In view of the very high degree of care essential under the law on the part of a carrier of persons toward those who are its passengers, such a collision would not happen in the ordinary course of events if the carrier exercised such care, and that ordinarily when such an accident occurs, it is due to failure on the part of the person operating the car to use the proper degree of care in so operating it. (see generally Rest.2d Torts, section 328D, comment b)
MTA and its driver contended that although they are held to the highest degree of care in operating their vehicles, it is equally well established they are not insurers of their passengers’ safety. (Lopez v Southern Cal. Rapid Transit Dist. (1985) 40 Cal.3d 780)
The Second Appellate District stated that, to the contrary, an instruction on res ipsa is not tantamount to making the common carrier an insurer. The presumption created by res ipsa loquitur is an evidentiary one; it may be rebutted by the defendant with evidence the accident was the fault of a third party, not the defendant. (See, Brown v Poway Unified School Dist. (1993) 4 Cal.4th820)

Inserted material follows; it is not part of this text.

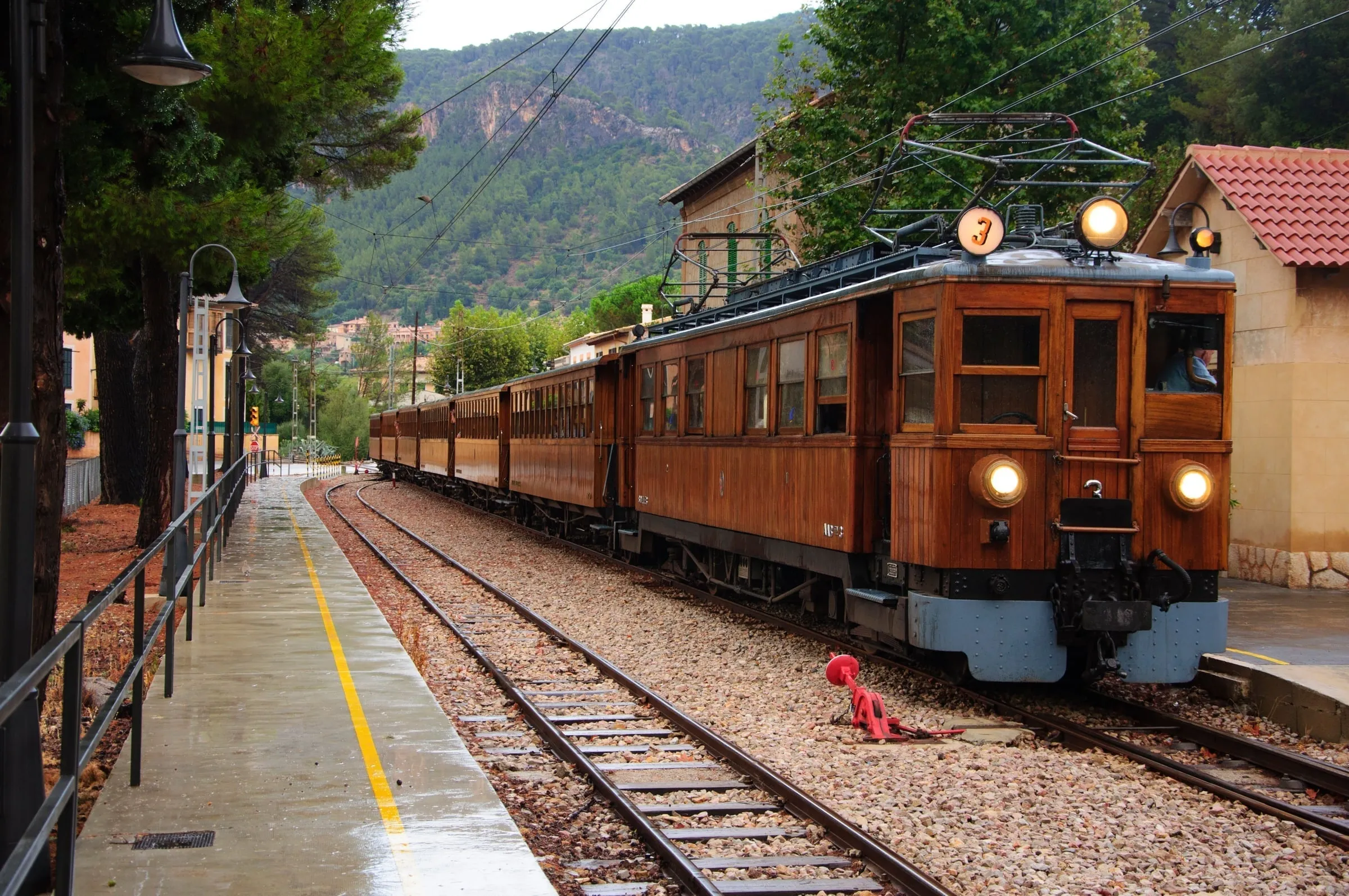 Historic Sóller train station with vintage wooden carriages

MTA also contends the instruction was not warranted in this case because, unlike Hardin, which involved the sudden stop of a city bus for no apparent reason, a collision with a third party is not the type of accident, that, more probably than not, does not occur absent the common carrier’s negligence. The Justices noted though, that the doctrine has long been held applicable to actions in which the carrier claims the accident is the result of a third party’s negligence, provided there is substantial evidence to support the passenger’s position the accident resulted from the carrier’s operation of its vehicle. (See, Rogers v Los Angeles Transit Lines (1955) 45 Cal.2d 414)
The Second DCA determined the instruction should have been given, and error occurred when the trial court refused plaintiff’s request. An error is not cause for reversal of a judgment unless it can be shown the error resulted in a miscarriage of justice. Here the question of negligence was a close one. Both drivers offered different versions of the facts and who was at fault. The party benefitting from the presumption of negligence thus enjoyed a critical advantage at trial. Under such circumstances, it cannot be said the failure to give a res ipsa loquitur instruction was harmless. (see, Bedford v Re (1973) 9 Cal.3d 593)
The judgment is reversed and the matter is remanded for further proceedings. Plaintiff is to recover her costs on appeal.